What to work on —
Your task is to gather the lines below that hold the string "with".

Available data —
== Segment start ==
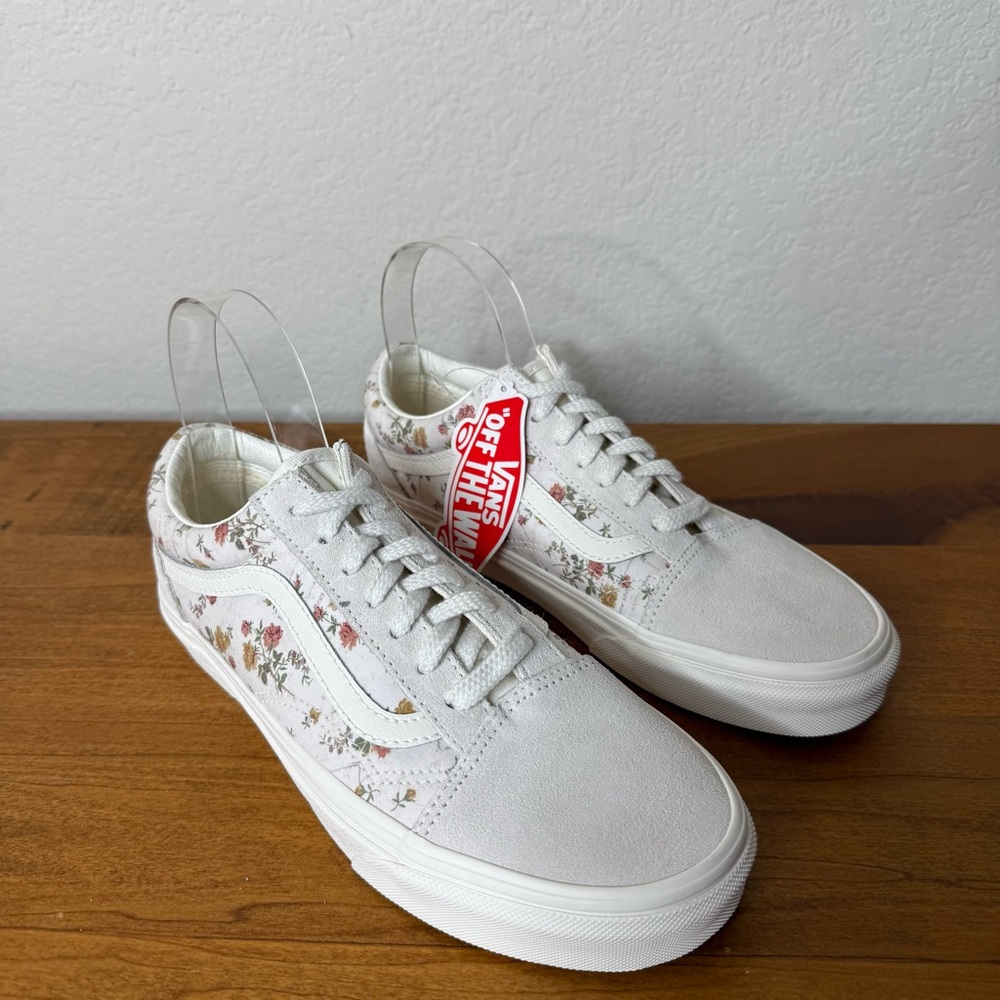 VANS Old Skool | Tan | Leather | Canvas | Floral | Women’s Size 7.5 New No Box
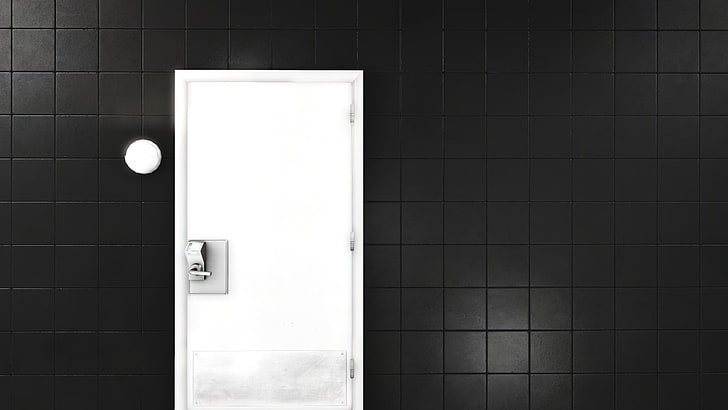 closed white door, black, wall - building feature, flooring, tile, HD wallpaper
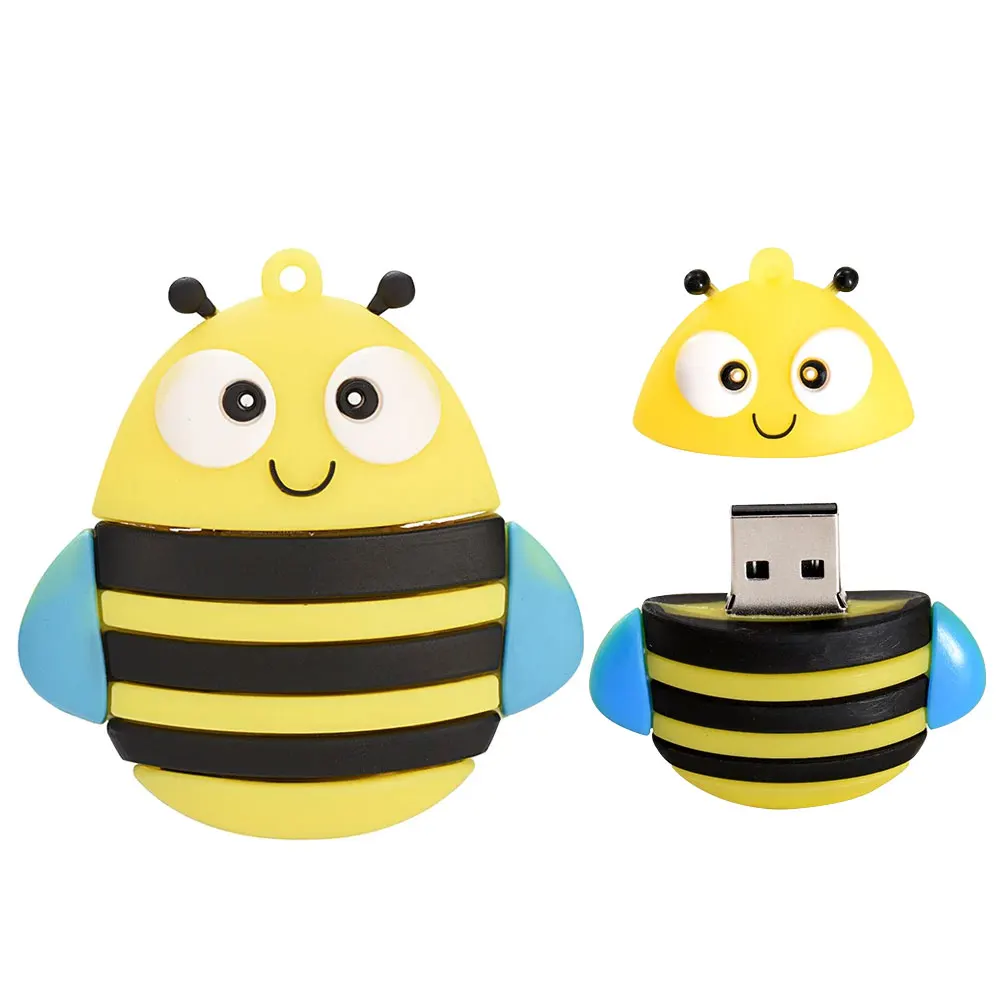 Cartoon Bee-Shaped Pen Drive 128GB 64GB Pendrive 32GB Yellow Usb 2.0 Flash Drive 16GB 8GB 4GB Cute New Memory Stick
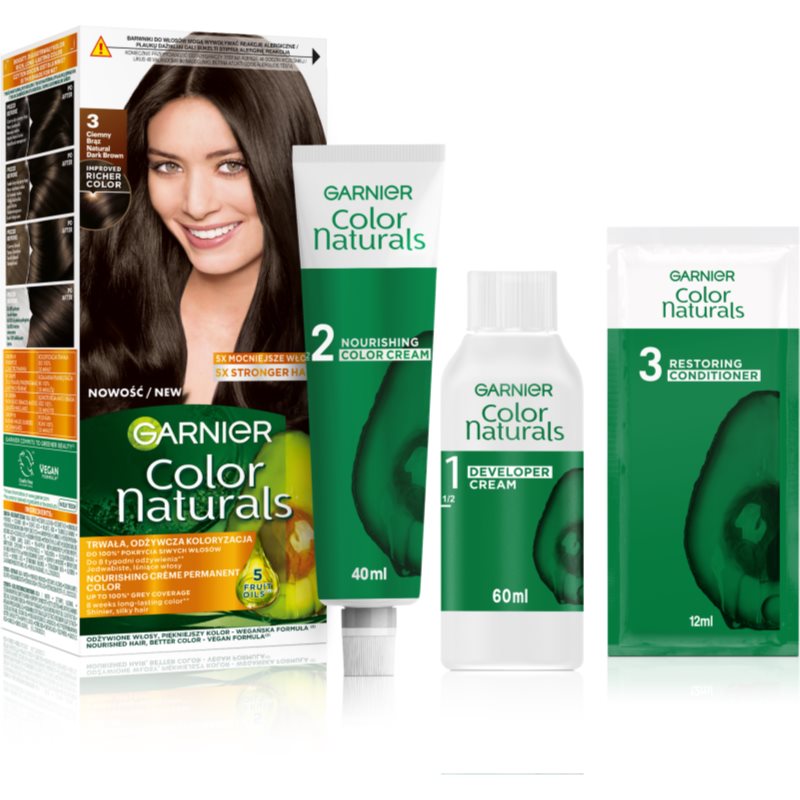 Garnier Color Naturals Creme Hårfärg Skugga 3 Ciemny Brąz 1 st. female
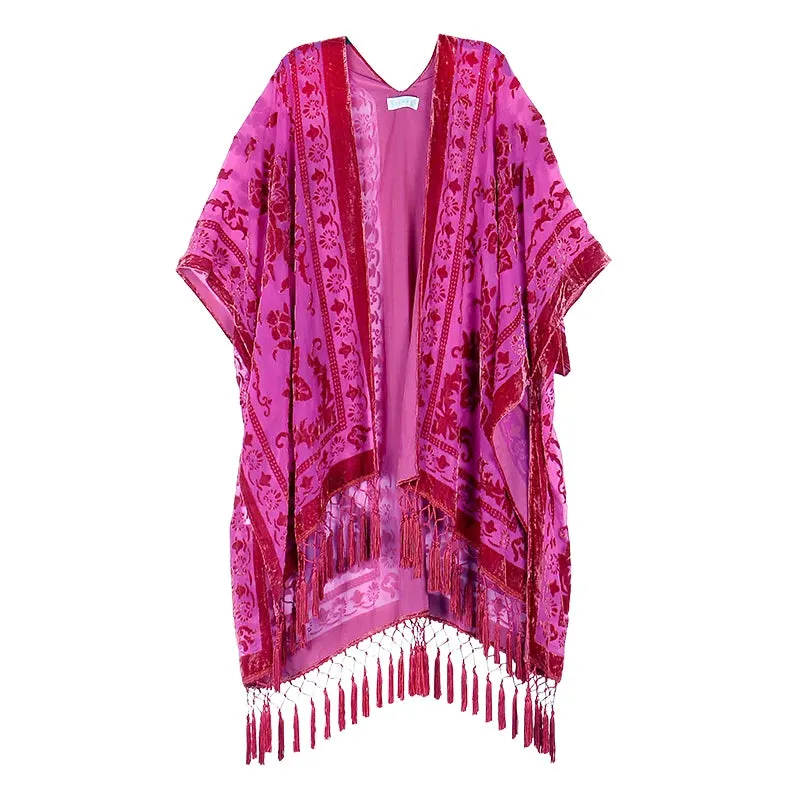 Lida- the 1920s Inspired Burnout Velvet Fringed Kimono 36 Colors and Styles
== Segment end ==
== Segment start ==
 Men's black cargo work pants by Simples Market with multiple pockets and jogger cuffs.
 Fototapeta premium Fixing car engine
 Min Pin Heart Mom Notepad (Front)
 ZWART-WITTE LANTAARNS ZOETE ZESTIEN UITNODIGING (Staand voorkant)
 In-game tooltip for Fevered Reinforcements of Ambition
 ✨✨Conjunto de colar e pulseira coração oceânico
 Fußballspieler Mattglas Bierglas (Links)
== Segment end ==
== Segment start ==
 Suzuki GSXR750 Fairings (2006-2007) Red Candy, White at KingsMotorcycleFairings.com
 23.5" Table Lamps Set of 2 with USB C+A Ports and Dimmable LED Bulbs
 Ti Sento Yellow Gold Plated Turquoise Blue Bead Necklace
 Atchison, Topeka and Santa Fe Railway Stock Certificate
== Segment end ==
Task solution —
 Men's black cargo work pants by Simples Market with multiple pockets and jogger cuffs.
 23.5" Table Lamps Set of 2 with USB C+A Ports and Dimmable LED Bulbs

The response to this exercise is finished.